What is Key Wrapping?

Key wrapping addresses a practical problem in cryptographic systems: how do you protect encryption keys themselves? If a data encryption key is stored in plaintext, anyone with access to the storage can use it. Key wrapping solves this by encrypting the data key with a separate wrapping key, creating a layered key hierarchy where access to the encrypted data requires possessing both the wrapped key and the means to unwrap it.

AES-KW (AES Key Wrap, defined in RFC 3394) is the most widely used key wrapping algorithm. Unlike general-purpose encryption modes, AES-KW is specifically designed for wrapping key material. It provides both confidentiality and integrity — if the wrapping key is wrong or the wrapped data has been tampered with, the unwrap operation fails rather than producing incorrect key material. This integrity check is critical because silently producing a wrong key would lead to decrypting data into garbage without any error indication.

Key wrapping is foundational to key management systems, HSMs (Hardware Security Modules), and envelope encryption schemes used by cloud providers. In envelope encryption, data is encrypted with a data key, and the data key is wrapped with a master key. This pattern allows efficient key rotation — when the master key changes, only the small wrapped keys need re-encryption, not the entire dataset.

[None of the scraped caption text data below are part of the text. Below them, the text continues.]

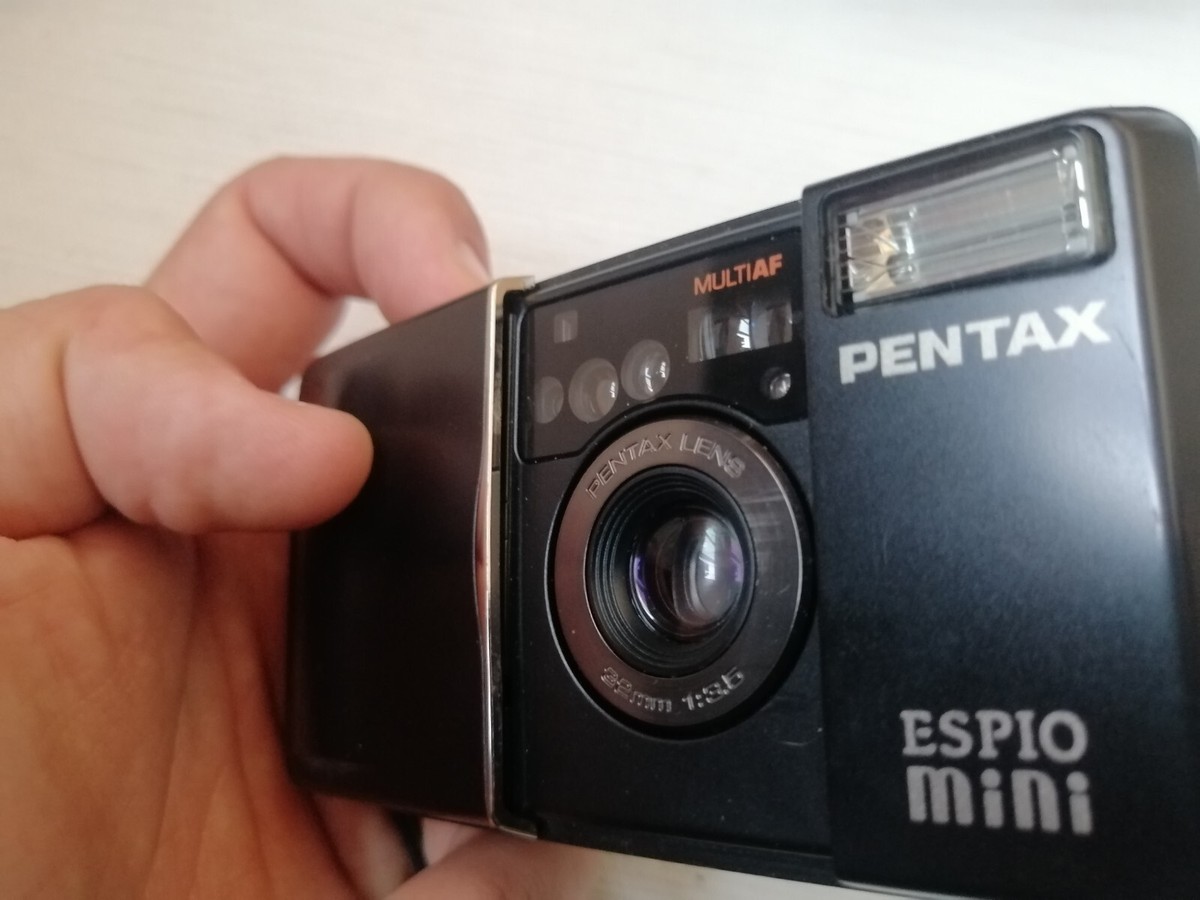 TESTED Pentax Espio Mini f3.5 Black 35mm Film Camera Vintage
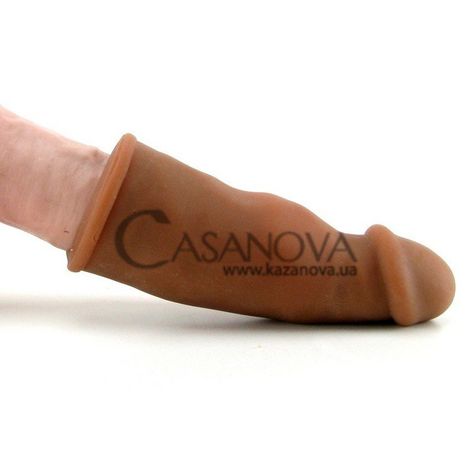 Основне фото Подовжувальна насадка Futurotic Penis Extender коричнева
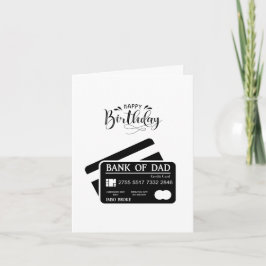 Bank Of Dad Funny Birthday Card カード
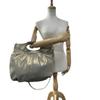 Used COACH 2-way handbag/shoulder bag Gathered Pleated 2-Way BagHandbag gold/Silver leather Women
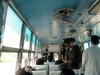 im Shuttlebus über die Brücke zurück nach Laos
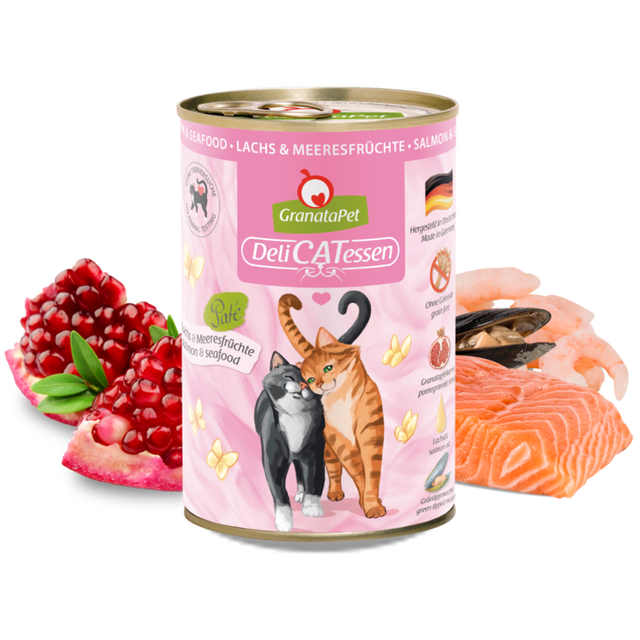 Granatapet Cat wet food DeliCatessen salmon & seafood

How Vaulted uses Key Wrapping

Vaulted uses AES-KW key wrapping when a passphrase is set on a secret. The flow works as follows: the browser generates a random AES-256-GCM key for encrypting the secret, then derives a wrapping key from the passphrase using PBKDF2. The AES-256-GCM key is wrapped (encrypted) using AES-KW with the derived wrapping key. The wrapped key, salt, and IV are included in the URL fragment. The recipient enters the passphrase, re-derives the wrapping key via PBKDF2, unwraps the AES-256-GCM key, and decrypts the secret.